Hero and Ula, too, they heard it—saw its result as the milling crowd in the crypt froze, then began untangling themselves, finally stood in silent ranks with their glazed eyes turned inward upon Yath-Lhi. Her five men-at-arms moved closer to her, two on one side, three on the other. All six, they gazed outward upon the spell-stricken invaders of their tomb. And:
“FRESHLY AWAKE,” said the Black Princess, “WE ARE STILL WEAK. SUSTAIN YOURSELVES, MY WARRIORS.”
She beckoned with a creaking arm, and Zubda Druff stepped forward, paced zombie-like, to stand before her. She reached out her hands and touched him. A touch merely, all ten of her fingertips, widespread, contacting his shoulders simultaneously—and the slaver began to twitch and flop like a strangled chicken. He did not scream, made no attempt at flight, merely jerked and throbbed and fluttered; and before Hero and Ula’s eyes he withered, deflated, became a bag of bones in Yath-Lhi’s sucking hands.
Finally she released him, a canvas sack that crumpled to the floor—its only resemblance to a man lay in its general shape and the black, blindly-staring marbles gazing out from a shriveled skull—and waited while her men-at-arms took similar sustenance.
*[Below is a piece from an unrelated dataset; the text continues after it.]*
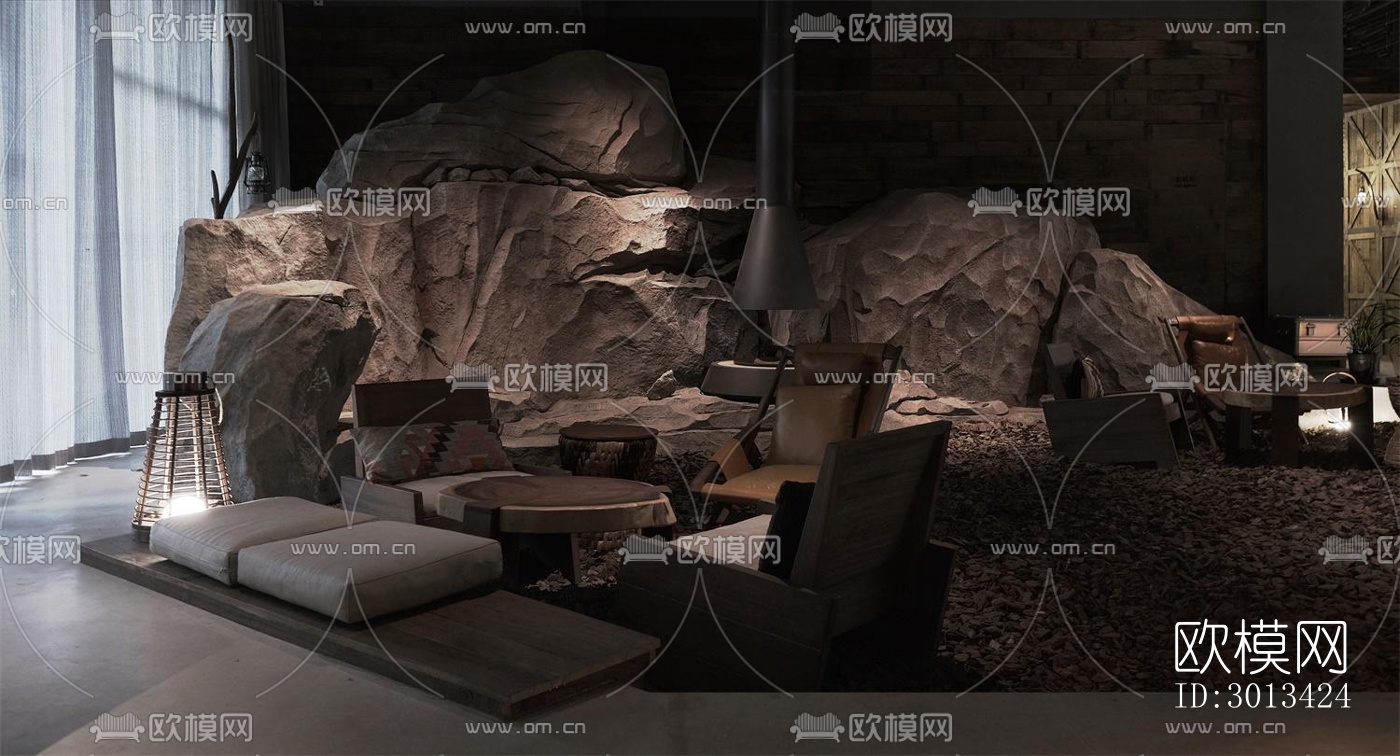 侘寂咖啡奶茶效果图下载（渲染图3）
They, too, chose blacks, one a Kledan and the others Pargan slaves, and each went to his maker as unprotesting as Zubda Druff. And all the while, Raffis Gan and the rest stood f
rozen, and those in the outer corridors, too, like statues under the spell of the vampire Yath-Lhi.
And yet Hero and Ula, they were untouched by that spell. They saw and comprehended all that occurred but, hugging each other and trembling, they were blessedly immune. Half-fainting, Ula clung to her man; and him propping her up lest she fall, his hand over her mouth lest she cry out. Even Hero himself, he could not have told how he held silent, how fearful he was that at any moment Eldin would be called to that same fate as Druff and the slaves. For in that event, what could he do but leap forward, snatch a sword from one of Yath-Lhi’s warriors, have at her and them until … until whatever.
But it did not come to that.
“ENOUGH!” said Yath-Lhi in the minds of all. “FOR NOW, ENOUGH.”
No longer black and mummified but having metamorphosed into a color like marble, and being now fully mobile, she turned on her heel through one-third of a circle, took in all before her at a glance. And at last her sulphur eyes settled on Raffis Gan.
“YOU! I PERCEIVE YOU BROUGHT THESE DOGS IN HERE—TO RAVAGE MY TOMB OF ITS TREASURES, EH?” Laughter welled up from her black soul, was cut short in a trice. “VERY WELL, NOW YOU CAN LEAD THEM OUT AGAIN!”
Out! thought Hero, aghast. This vampire princess—out, free, loose in the unsuspecting dreamlands! No, it must not be. This thing, this exodus from the tomb, must be stopped. But how? Spring forth and Yath-Lhi would merely point and turn all those under her spell, even Eldin, against him! And then what of Ula? Hero couldn’t bear the thought of Ula as a bag of bones …
Orderly as a small army, single-file through the narrow doorway, all in the tomb filtered out into the maze beyond. Raffis Gan led the way, stiff-legged, arms like lead at his sides, eyes glazed and staring straight ahead. Behind him slaves and Kledans in no set order, with Yath-Lhi and her soldiers central in the column, then more slaves, Kledans, and finally Eldin the Wanderer bringing up the very rear.